Skip the images and print the listing exactly.

GIVEN MATERIAL

--*--

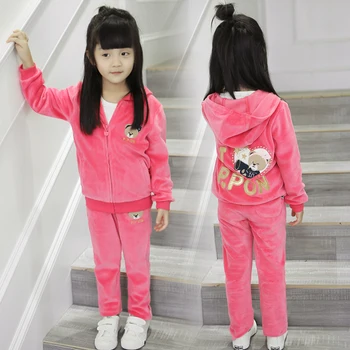 Letter Embroidery Girls cotton Autumn clothing set pink red gray coat & pants children set girls clothes 3 4 5 6 7 8 9 10 years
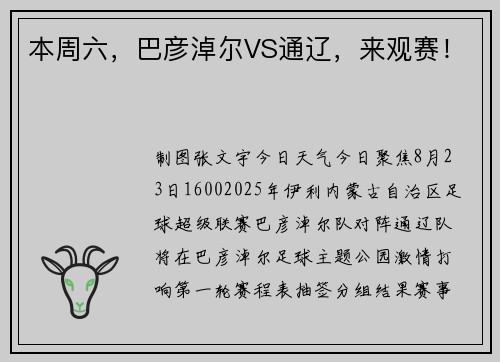 本周六，巴彦淖尔VS通辽，来观赛！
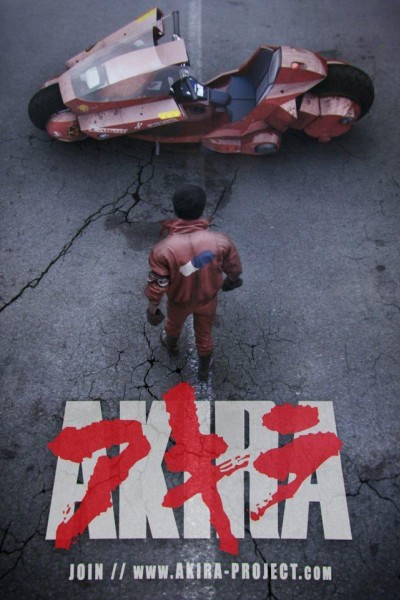 Caratula, cartel, poster o portada de The Akira Project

--*--

SOLUTION FOR THIS TASK
 Letter Embroidery Girls cotton Autumn clothing set pink red gray coat & pants children set girls clothes 3 4 5 6 7 8 9 10 years
 本周六，巴彦淖尔VS通辽，来观赛！
 Caratula, cartel, poster o portada de The Akira Project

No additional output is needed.